Jim Riley (bass): “This is the first time that all five people in the band, for the overwhelming majority of the actual studio time, were all together in the room. In the last two processes specifically, Aaron Brooks [founding guitarist, who departed in 2014] really took on a bulk of that responsibility for putting the songs together. Each of us was there for our portion of the record, but he was the guy that was in the room the entire time. And this time, as much as humanly possible, all five of us were in the room with Will [Putney] and Jeremy [McKinnon], actively participating in the process. It was real a team effort. And I think that that paid big dividends for us.
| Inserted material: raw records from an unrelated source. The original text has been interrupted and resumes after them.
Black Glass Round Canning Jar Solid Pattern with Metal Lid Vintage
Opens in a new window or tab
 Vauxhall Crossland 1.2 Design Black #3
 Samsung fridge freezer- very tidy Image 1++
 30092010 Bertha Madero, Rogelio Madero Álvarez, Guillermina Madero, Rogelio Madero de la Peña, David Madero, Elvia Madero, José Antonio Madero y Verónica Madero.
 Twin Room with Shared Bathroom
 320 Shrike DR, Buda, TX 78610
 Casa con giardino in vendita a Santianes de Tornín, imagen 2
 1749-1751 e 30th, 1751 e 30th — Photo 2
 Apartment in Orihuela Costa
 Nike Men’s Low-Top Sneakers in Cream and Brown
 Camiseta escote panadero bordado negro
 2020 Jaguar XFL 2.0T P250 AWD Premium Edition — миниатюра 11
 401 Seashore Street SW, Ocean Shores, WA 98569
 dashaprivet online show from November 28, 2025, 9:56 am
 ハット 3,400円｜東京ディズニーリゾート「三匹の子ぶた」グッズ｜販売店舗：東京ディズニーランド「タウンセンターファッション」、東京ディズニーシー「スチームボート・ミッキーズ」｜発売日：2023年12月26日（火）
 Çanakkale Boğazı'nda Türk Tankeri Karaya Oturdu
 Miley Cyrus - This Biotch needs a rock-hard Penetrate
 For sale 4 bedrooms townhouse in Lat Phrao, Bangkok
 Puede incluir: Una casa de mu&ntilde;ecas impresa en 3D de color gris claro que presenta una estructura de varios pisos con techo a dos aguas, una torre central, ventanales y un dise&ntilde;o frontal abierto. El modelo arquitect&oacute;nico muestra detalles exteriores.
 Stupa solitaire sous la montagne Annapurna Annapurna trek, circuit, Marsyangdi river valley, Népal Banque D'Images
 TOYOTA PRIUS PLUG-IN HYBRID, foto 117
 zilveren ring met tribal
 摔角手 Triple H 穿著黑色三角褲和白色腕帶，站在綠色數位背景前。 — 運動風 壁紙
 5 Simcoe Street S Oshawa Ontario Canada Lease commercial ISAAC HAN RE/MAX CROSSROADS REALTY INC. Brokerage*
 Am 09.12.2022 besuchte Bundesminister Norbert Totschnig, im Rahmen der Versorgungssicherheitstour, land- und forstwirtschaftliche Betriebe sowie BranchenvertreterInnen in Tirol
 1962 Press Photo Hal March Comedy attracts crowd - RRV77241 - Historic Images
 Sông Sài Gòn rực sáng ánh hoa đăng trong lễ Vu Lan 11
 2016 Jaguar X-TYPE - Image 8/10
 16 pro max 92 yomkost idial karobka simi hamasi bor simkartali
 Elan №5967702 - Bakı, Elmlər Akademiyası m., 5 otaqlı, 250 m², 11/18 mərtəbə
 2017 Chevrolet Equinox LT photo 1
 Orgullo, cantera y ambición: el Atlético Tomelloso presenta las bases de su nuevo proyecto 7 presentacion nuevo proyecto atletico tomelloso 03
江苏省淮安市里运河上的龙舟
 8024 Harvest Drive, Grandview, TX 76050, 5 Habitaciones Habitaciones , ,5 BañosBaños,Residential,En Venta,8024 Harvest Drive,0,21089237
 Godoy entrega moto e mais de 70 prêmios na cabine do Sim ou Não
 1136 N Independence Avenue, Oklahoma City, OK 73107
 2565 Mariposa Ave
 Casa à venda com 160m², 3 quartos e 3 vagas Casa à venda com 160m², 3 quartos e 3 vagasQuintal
It felt like we were supporting each other through stuff that was not always easy to like accomplish.”

Was it an important decision for you to go through this process together in such a manner?
Jonathan: “I think this record is not just a record we needed to do as the band, but for the five of us it became about overcoming an obstacle and that we all went through it together. In the past, it was like, ‘Cool, I can come do my part, and then I can kind of take off.’ But this was all of us doing it together, all a part of it, and I think that means so much to us, and the ethos behind the band. It means a lot.”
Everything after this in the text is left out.